A similar experiment by Airbnb works by translating sketches into components from their already well-defined design system. The approach is very different to Microsoft’s, because of the strong constraints imposed by the design system.
Translating roughly drawn sketches to a limited number of well-defined components with constrained property values will produce far more useful prototypes than training a system to author HTML and CSS from scratch. The authoring language is just far too broad and low-level.
More importantly, Airbnb’s design system embodies and abstracts a huge amount of the hard design decisions, user research, accessibility work and implementation expertise necessary to create a great experience.

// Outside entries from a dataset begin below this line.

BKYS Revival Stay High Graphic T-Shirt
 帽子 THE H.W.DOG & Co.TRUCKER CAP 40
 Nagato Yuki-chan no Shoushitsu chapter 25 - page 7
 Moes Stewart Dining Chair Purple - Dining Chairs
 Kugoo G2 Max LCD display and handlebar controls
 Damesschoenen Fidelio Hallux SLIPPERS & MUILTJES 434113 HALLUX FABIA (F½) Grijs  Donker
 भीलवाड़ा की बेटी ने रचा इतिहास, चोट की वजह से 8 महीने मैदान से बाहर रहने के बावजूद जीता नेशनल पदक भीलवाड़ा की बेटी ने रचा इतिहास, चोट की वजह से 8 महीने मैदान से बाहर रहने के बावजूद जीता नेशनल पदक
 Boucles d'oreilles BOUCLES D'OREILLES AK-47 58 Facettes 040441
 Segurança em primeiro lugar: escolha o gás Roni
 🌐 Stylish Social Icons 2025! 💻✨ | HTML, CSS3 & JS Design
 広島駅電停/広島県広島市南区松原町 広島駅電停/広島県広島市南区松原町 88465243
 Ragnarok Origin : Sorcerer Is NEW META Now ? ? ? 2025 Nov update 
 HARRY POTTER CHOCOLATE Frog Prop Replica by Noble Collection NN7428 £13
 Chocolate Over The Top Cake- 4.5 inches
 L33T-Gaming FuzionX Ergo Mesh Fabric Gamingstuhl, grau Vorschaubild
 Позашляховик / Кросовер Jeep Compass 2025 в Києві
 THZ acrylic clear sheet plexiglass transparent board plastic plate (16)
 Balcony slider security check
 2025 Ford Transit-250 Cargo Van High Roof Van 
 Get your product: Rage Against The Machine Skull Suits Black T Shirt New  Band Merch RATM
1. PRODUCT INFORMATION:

Without this, early design automation and AI tools are likely to be more like the worst imaginable PSD2HTML service. Humans are also pretty bad at producing good work if we’re only given a sketch hurriedly drawn with a black Sharpie. We need to do more work to interpret the sketch: conversations, collaboration, research, formal design constraints, component libraries, platform expertise and the application of hard-won experience.
There’s no need to be worried that your job is under threat just yet. But it is worthwhile examining the parts of our work that are good early targets for automation, to see where the industry may be heading, and to understand where the real value is in the work we do.
What part of your job are you most worried that the robots will steal?